Präsidentschaftswahlen in Montenegro: „Zar Milos“ politisches Überleben

Montenegros Präsident Milo Djukanovic bangt um Machtbasis. Die Spaltung der Opposition könnte ihm bei den Wahlen zugute kommen.
An dem hochgewachsenen Politfossil scheinen die Zeitenläufe spurlos abzuperlen. Die Berliner Mauer stand noch, Jugoslawien war noch intakt, als 1988 der steile Aufstieg von Montenegros heutigen Präsidenten Milo Djukanovic begann. Ob als Mitglied des montenegrinischen Zentralkomitees des Bundes der Kommunisten, als Chef der von ihm 1991 gegründeten Demokratischen Partei der Sozialisten (DPS) oder als mehrfacher Regierungs- oder Staatschef des seit 2006 unabhängigen Adriastaats: Unzählige Korruptionsaffären, Mafiavorwürfe und internationale Justizermittlungen überschatteten die lange Karriere von „Zar Milo“.
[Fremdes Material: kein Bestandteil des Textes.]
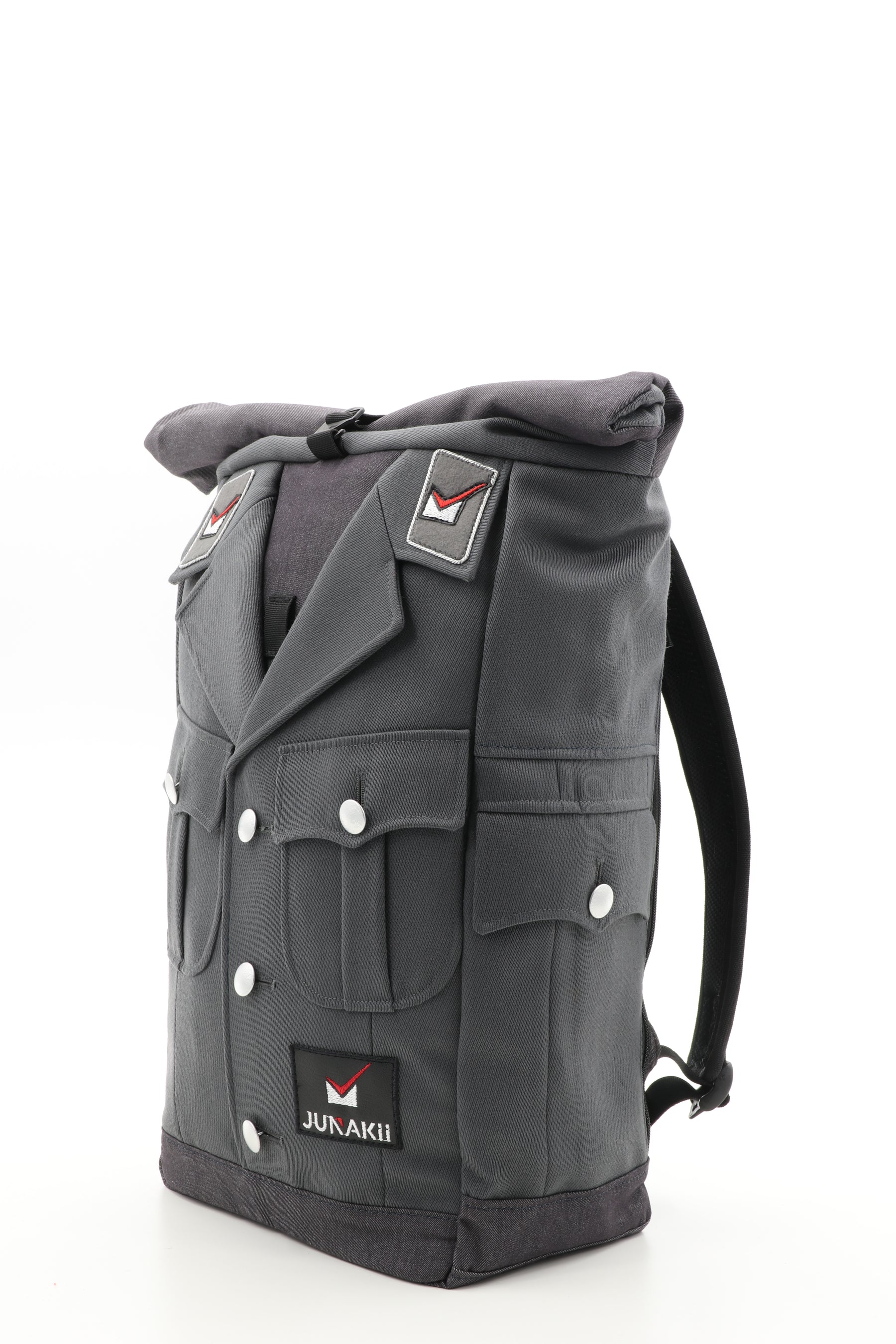 Rolltop Rucksack grau aus upgecyceltem Rettungsdienstausgehanzug 63x27x17cm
Seit seine DPS bei den Parlamentswahlen 2020 abgewählt und erstmals in die Oppositionsbänke verbannt wurde, ist die Popularität des steinreichen Dauerregenten im Land der Schwarzen Berge allerdings ebenso am Bröckeln wie seine Machtbasis: Bei den Kommunalwahlen im Oktober verlor die DPS gar zehn der 14 von ihr gehaltenen Städte – darunter die Hauptstadt Podgorica. Für „Rasiermesser“ Djukanovic und seine DPS gehe es bei den Präsidentschaftswahlen am Sonntag um „sinken oder schwimmen“, umschreibt die Agentur „Balkaninsight“ die Ausgangslage. Obwohl der angeschlagene Platzhirsch bei dem Urnengang um sein politisches Überleben bangen muss, geht der 61-Jährige paradoxerweise erneut als Favorit ins Rennen. Der Grund: Seine zerstrittenen Gegner tun alles, um den gewieften Strippenzieher im Amtssessel zu halten.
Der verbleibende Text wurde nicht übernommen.